Ваня молча полез под епанчу, достал трубку и кисет, натрусил табаку и умял пальцем. Петька лукаво наблюдал за ним.
– Принести от пушкарей огоньку, господин фицер? – спросил солдат, что махал лопатой поблизости, а сейчас остановился передохнуть.
Ваня знал, что солдата зовут Ерофей, а прозвище – Колоброд.
– Принеси, будь другом.
– А вы мне курнуть потом дадите.
– И мне тоже, – быстро сказал Петька.
– Не обижают тебя тут? – спросил Ваня, глядя вслед Ерофею, который направился к барбету. У канониров всегда теплились фитили в фитильниках.

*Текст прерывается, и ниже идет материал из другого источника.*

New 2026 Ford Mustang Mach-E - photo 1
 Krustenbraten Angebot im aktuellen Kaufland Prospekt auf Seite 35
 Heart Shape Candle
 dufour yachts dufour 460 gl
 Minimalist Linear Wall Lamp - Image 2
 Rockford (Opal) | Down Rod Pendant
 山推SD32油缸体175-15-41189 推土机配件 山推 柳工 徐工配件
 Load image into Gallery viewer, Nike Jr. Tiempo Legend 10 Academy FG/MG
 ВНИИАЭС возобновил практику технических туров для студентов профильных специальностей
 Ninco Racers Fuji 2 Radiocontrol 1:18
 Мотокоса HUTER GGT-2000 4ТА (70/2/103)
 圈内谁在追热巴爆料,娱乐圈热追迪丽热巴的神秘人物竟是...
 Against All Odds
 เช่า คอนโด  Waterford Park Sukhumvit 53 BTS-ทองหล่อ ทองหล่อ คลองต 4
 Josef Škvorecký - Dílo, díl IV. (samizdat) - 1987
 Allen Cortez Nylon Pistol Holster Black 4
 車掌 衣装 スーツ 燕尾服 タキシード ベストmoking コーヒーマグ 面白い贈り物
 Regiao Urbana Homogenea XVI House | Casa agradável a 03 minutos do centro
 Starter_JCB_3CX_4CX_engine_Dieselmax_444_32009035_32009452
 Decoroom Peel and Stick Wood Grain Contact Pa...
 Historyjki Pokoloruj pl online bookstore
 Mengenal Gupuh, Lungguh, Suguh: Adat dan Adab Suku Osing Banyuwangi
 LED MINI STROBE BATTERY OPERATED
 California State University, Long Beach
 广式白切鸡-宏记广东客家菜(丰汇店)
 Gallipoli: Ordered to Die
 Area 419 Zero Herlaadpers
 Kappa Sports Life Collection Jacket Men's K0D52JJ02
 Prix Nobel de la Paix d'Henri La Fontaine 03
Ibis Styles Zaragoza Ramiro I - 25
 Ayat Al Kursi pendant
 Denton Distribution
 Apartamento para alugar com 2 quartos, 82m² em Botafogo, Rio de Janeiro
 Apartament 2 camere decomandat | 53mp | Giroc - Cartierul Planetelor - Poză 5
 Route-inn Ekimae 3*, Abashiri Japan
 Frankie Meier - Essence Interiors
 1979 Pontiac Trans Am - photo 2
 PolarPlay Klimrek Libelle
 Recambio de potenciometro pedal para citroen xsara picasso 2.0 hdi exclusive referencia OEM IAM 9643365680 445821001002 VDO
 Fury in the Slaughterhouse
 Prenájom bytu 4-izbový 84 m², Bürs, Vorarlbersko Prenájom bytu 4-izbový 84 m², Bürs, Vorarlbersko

– Да я сам кого хошь обижу.
Конечно, Петька не обидел его, но разбередил душевную рану. Ваня часто думал о Маше Ремезовой, хотя старался не думать. Он убеждал себя, что всё в прошлом. Да, единый раз дал себе волю, склонился к девице, но всё напрасно. Ей не такие нужны. Он – воин. Он ушёл в поход отвергнутый, отринутый, и вот он далеко-далеко от Тобольска, в снежных степях, и где-то рыщут орды. Но он защитит ту девицу, быть может, погибнет, исполнив долг чести, а она пускай никогда не узнает об этом; в том и слава, в том и горечь.
Ерофей вернулся, оберегая в ладонях тлеющий обрывочек фитиля. Ваня раскурил табак, выдохнул дым и протянул трубку Ерофею.
– Дядя Ерофей научил меня саблю у врага из руки выбивать, – сказал Петька. – Доставай свою саблю, Ванька, я покажу. Считай, что лопата у меня – это ружьё с багинетом.
Петька схватил лопату и встал в стойку, нацелясь на Ваню.
– Локоть повыше, Петька, – посоветовал Ерофей, пуская дым.
– Не будем ребячиться, Пётр, – с достоинством ответил Ваня. – И без того твою выучку увижу, если доведётся в бой пойти.
– Да какой тут бой, Ванька! – разочарованно вздохнул Петька, втыкая лопату в снег. – Я-то обрадовался, когда степняки явились. Думал, война начнётся! А они сэргэ вкопали и засели у себя в юртах, как барсуки, тарасун свой лакают из плошек. Так всю зимовку и прокукуем в транжементе! Даже не дадут пальнуть во врага!
Ваню тоже огорчало, что военных действий не ожидалось.
– Я попрошу майора Шторбена, чтобы принял тебя в ночной драгунский караул, – пообещал Ваня. – Почувствуешь хребтом, что значит боевая опаска. Она, Петя, вовсе не щекотит.
За куртиной, где-то в ретраншементе, вдруг раздался отдалённый треск барабана. В редуте все замерли, бросив работу и прислушиваясь к сигналу.
– «Го-род бе-ре-ги, И-лья-про-рок»! – прошептал Петька барабанную речёвку, которую придумал сам, а сейчас знало всё войско. – Тревога!
Из цейхгауза поспешно выбрался офицер, придерживая треуголку.
– По местам! – закричал он. – Всем построение!
– Ладно, братцы, мне пора, – заторопился Ваня.